Mike Reynold's Earthships are an alternative answer to these systems of dependencies. Earthships are designed to actually incorporate systems that are external to most traditional house designs. Thus, they can be self-sustaining. Better, from the point of view of an environmentalists, their materials are modern mans' most prolific wastes: tires, tin cans and bottles.
Traditionally, Mike notes, most houses were built from whatever material was plentiful and fast at hand--trees, clay, grass (on the plains). In modern urban culture our most plentiful material is our non-biodegradable waste. Thus, tires which will spend three times or more of a human life time making an eyesore of a valley or mountainside can now be used as the building blocks for Earthships. Imagine, if you will, Montana Ranchers having the foresight and resourcefulness to build huts out of their own tin cans.
At the model Earthship, our host explained that the basic Earthship design is a U. The U design is based on three tire walls, built on the North, East and West sides while on the south side is glazed and slightly angled.
The south facing glazed window is angled in such a way that it receives the maximum winter sun which the Earthship converts and stores as thermal heat. There are also vents to cool the building down when there is too much heat. The concept is surprisingly simple and efficient: using the building walls and windows to collect solar energy during the day, the walls of a Earthship give back the energy later in the day when the outside air cools. The main walls of an Earthship are built from old car tires full of rammed earth, these are the load-bearing walls (that create the thermal mass), the spaces in between the tires are filled with cans, bottles and wire, on to this mud, cement or adobe plaster is added. In addition, Earthship roofs can catch water when it rains and store it for later use in a cistern. Recycled greywater (from showers, dirty dishes etc) and blackwater (septic waste) are carefully separated. The grey water is fed into toilets for flushing and gardens where the waste is welcomed as nutrients to plants, and acts as a filter. The black water is broken down in an external solar septic tank which accelerates the anaerobic process by heating the waste with solar energy. The solids break down and travels through filtering layers of gravel, pumice, soil and roots where it is absorbed by plants and cleaned. Energy is provided by solar panels and/or wind generators stored in batteries. Methane gas from the breakdown of black waste can be stored for emergency energy needs.

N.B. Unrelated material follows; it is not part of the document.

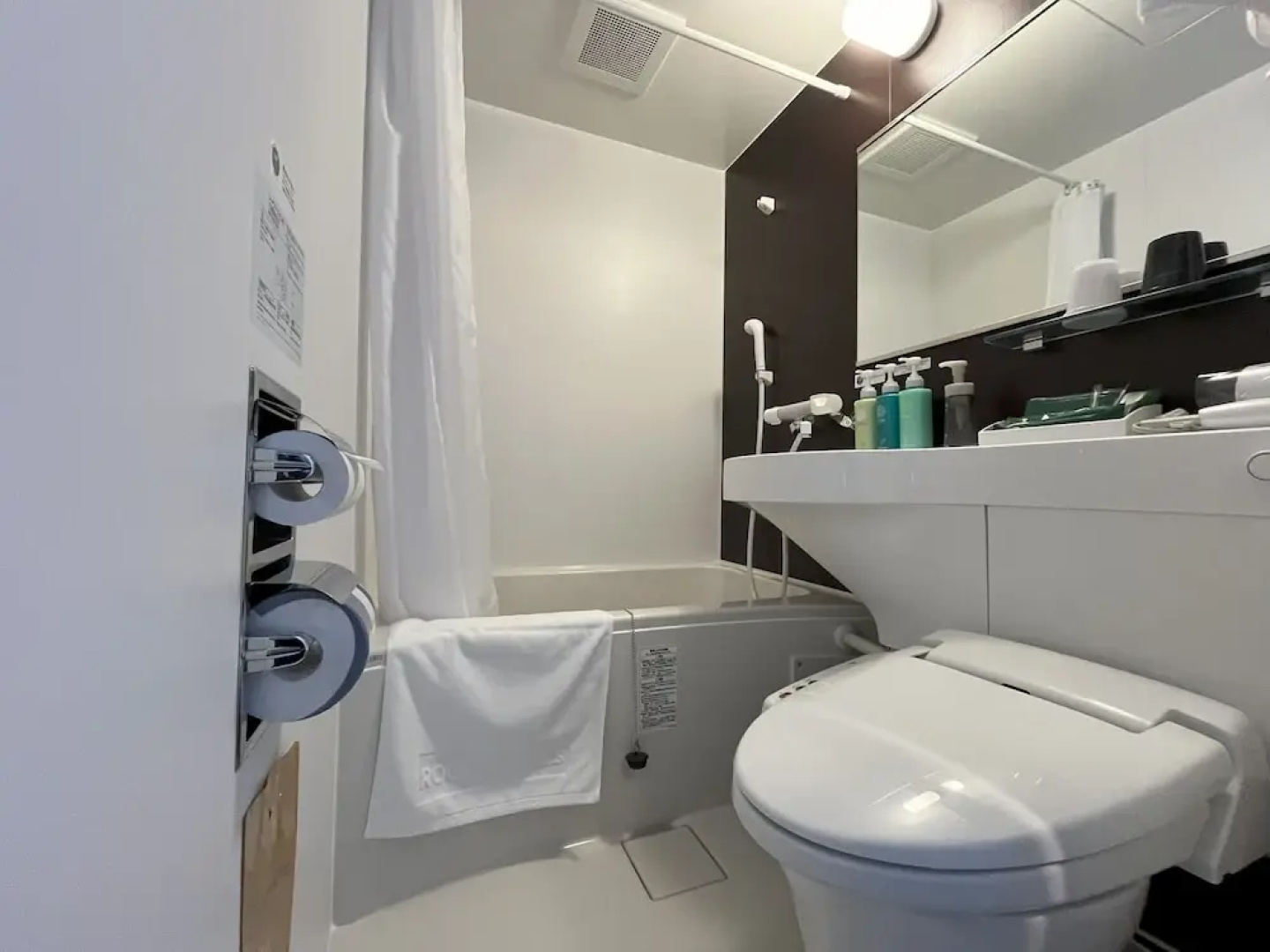 Hotel Route Inn Imabari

To our delight, the interior of the model home is comfortable and spacious. The rounded walls indeed give it a Hobbit feel, but this is a plus not a minus. One senses a return to a natural order living in the Earth, as this Earthship does, rather than on top of it.

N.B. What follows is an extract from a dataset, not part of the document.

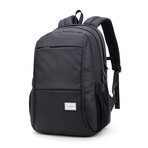 Edward Backpack // Black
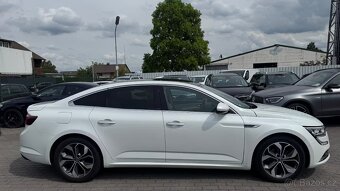 Renault Talisman lim dCi 130 Elysée rok 06/2017 - 5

I ask our host again if she's sure there isn't any external power line coming in--because it seems too easy.
She smiles, shakes her head.
"So how many millions does it cost to build?"
I ask this with my wife hanging on my arm, waiting for the bad news. Our expectations are that such a seriously advanced use of modern technology most cost a fortune, like trying to build a house on Mars, say.
"About $175,000"
"Thousand," I repeat to make sure I've heard right.

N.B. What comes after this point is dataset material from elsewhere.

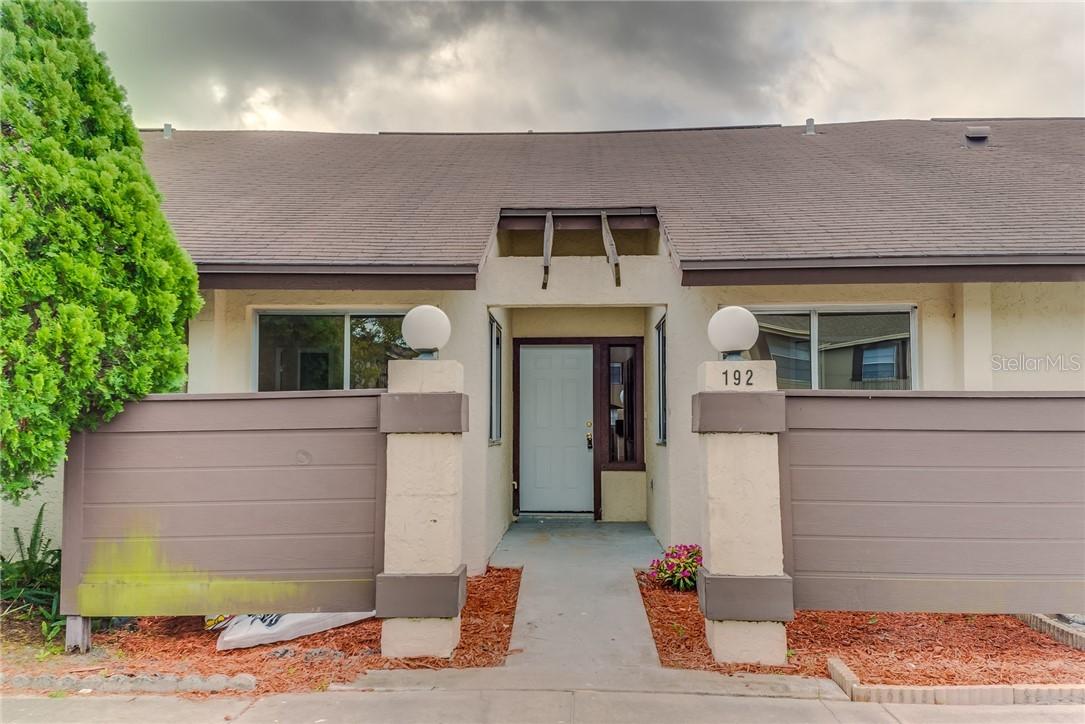 192 Dahlia Village Cir., Orlando, FL 32807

I'm shocked because that's about what we paid for our own house. A house, I might add, that is entirely at the mercy of the city for sewage and water, Old Dominion for power and not in the least bit environmentally friendly.
"The average pricing works out to about $120 per square foot. If you provide your own labor, less" our host explains.
"What about humidity, we live in a humid climate?"
"We have Earthships in the United Kingdom, Brighton and Edinburgh. I suspect that's as much humidity as you might ask for. We also have Earhships near the tropics in Honduras, in Bolivia and Mexico. And we'll be coming to France in 2007." Basically, in an effort to spread knowledge and skills about Earthships globally, Earthship will be hosting a training program as part of a French 'Barn' raising, an Earthship raising, as it were. Reynold's and other old pros will be offering the opportunity to work alongside their experienced crew.
http://www.earthship.com/learn/earthship-france.php
That's all my wife needed to hear, she was sold. "This place is beautiful," she said.
It really was. Inside, a banana tree stood in a huge window that let in the New Mexican sun, water cascaded in a cistern behind us and even the bathroom was charming. Everything worked aesthetically. All the pieces fit, form and function.
"This is the house Frank Lloyd Wright should have built"
"I think it's the one he wanted to build, but the technology wasn't ready yet. Now it is."
The question is, are we? Mike Reynolds seems to thinks so. As he writes in the introduction to his first volume on Earthships:
"Our ability to evolve beyond these [old housing] systems is becoming increasingly necessary, and has a twofold impetus. If we learn to live without these systems, we could radically slow down destruction of the planet and possibly reverse certain aspects of the deterioration. If it is already too late, we will need, in the near future, living units to sustain us via direct contact with existing natural phenomena."
Surviving as a species on the planet earth lends a heighten sense of drama to the purchase of a home, yet despite the hint of wild eyed survivalist in Reynold's statement, there's much truth to it. Certainly, any sane man would not venture to suggest we can continue on our course without something changing dramatically. Earthships seems as reasonable and painless a change as possible.
It might be a while, but my wife and I are saving up our money either here or preferably in Europe. Any day now, we'll be breaking ground and packing old tires full of dirt for our walls. For those who can't feature themselves as over cautious environmentalists, and like, instead, to consider themselves 'rugged individualists', consider this: Earthships are the ultimate in an individual's great goodbye to the systems that would otherwise keep them enslaved. Much more rugged and individualist, I should think, then certain Montana Ranchers who 'conquered' the West while leaving behind their waste trails of empty tin cans.